Exactly. You have to account for BOTH citations together before cavalierly dismissing either. Occam's Razor anyone?

Stone
 
First hand report. He encountered a person, James, whom he identifies as Jesus' brother. And indeed the Gospls assign to Jesus a brother of that name.

Yeah but herein lies the problem: the gospels were written late, and their writers probably had access to Paul, so it's not really corroboration so much as using an interpretation of the already-vague word "brother" to assign Jesus a real brother, whether that's true or not.

People have been using family relation words metaphorically for thousands of years.
 
Uh, the "The Gipper" originally the nickname of a college football player who played for the University of Notre Dame. Real name George Gipp. Born February 18, 1895 died December 14, 1920.

It is the role Reagan played in Knute Rockne, All American (1940). While he used it a lot in his political campaign there is no evidence he had this as a nick name before then.

Louis Cannon's 1991 President Reagan: The Role of a Lifetime claims "The article said that Reagan had told Israeli Prime Minister Yitzhak Shamir, during his November 29, 1983 visit to the White House, that the roots of his concern for Israel could be traced to World War II when he photographed the Nazi death camps."

As "Blumenthal, Reagan, and the Big Lie" (May 30, 2010) American Thinker shows there are problems with the claim and we are not sure Reagan actually made it.

WTF? This has NOTHING to do with my point at all. So one can Google and find out. Big deal.

That has nothing to do with my point: Obviously, plenty of people have referred to Reagan as the Gipper WITHOUT KNOWING WHY HE'S CALLED THAT AND NOT EVEN BOTHERING TO INQUIRE. Its derivation has DIDDLY-SQUAT to do with the fact that many don't even care. Where it comes from is totally beside the point. So you now know where it comes from -- WHOOP-DE-DO. Many don't/didn't and still call/called him that. THAT'S the real point. Duh.

Stone
 
Yeah but herein lies the problem: the gospels were written late, and their writers probably had access to Paul, so it's not really corroboration so much as using an interpretation of the already-vague word "brother" to assign Jesus a real brother, whether that's true or not.

People have been using family relation words metaphorically for thousands of years.

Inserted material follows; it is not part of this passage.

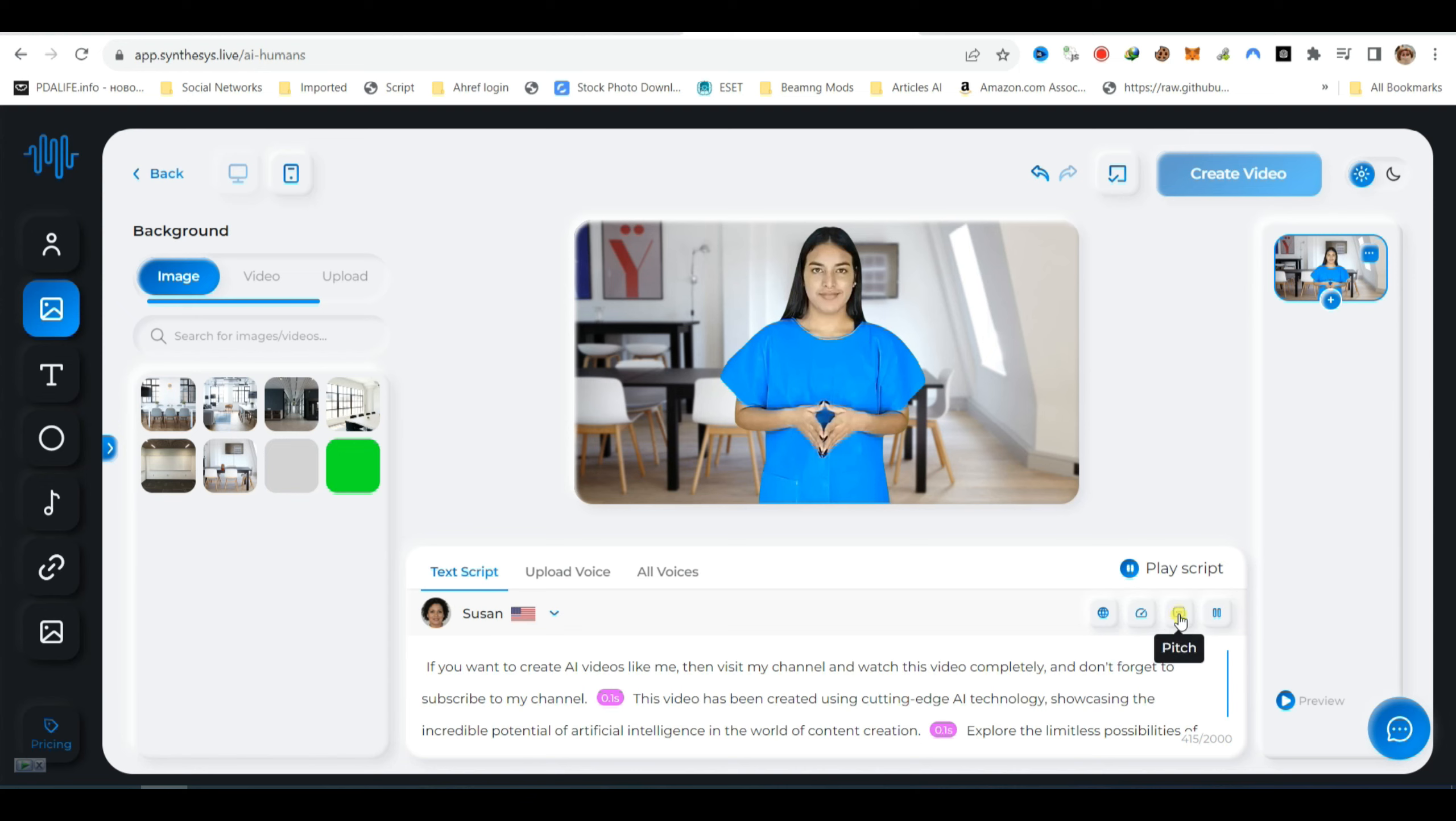If you want to create AI videos like me, then visit my channel and watch this video completely. And don't forget to subscribe to my channel.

No devout Christian is going to bother to proactively assign Jesus any sibling at all once his mother has birthed Jesus through Immacculate Quickie. The notion of Jesus's having any sibling at all has to come from a time _before_ this sort of hagiography, not after.

Stone
 
First hand report. He encountered a person, James, whom he identifies as Jesus' brother. And indeed the Gospls assign to Jesus a brother of that name.


Not true though.

The truth is - we only know what religious Christian copyists wrote many centuries after Paul and Jesus had supposedly died.

We have no idea what Paul ever wrote about anyone called “James, the Lords brother”.

However, in contrast, what we do know as quite definite fact, is that the letters of Paul and the gospels are filled with obvious untruths and fictions, and are in that respect completely unreliable, and especially so in the total absence of any independent corroborated contemporary evidence.
 
No devout Christian is going to bother to proactively assign Jesus any sibling at all once his mother has birthed Jesus through Immacculate Quickie. The notion of Jesus's having any sibling at all has to come from a time _before_ this sort of hagiography, not after.

Stone
Yes. Belief in Jesus having brothers is most likely to be early, on that account.
 
Not true though.

The truth is - we only know what religious Christian copyists wrote many centuries after Paul and Jesus had supposedly died.

We have no idea what Paul ever wrote about anyone called “James, the Lords brother” ...
Then don't use Paul as a source of any information whatsoever.
 
IanS

OK, thank you. Wells read what is now a 50 year-old report from a pathologist who did not examine the body he is describing. So, when we read scare-quotes around "impossible," ...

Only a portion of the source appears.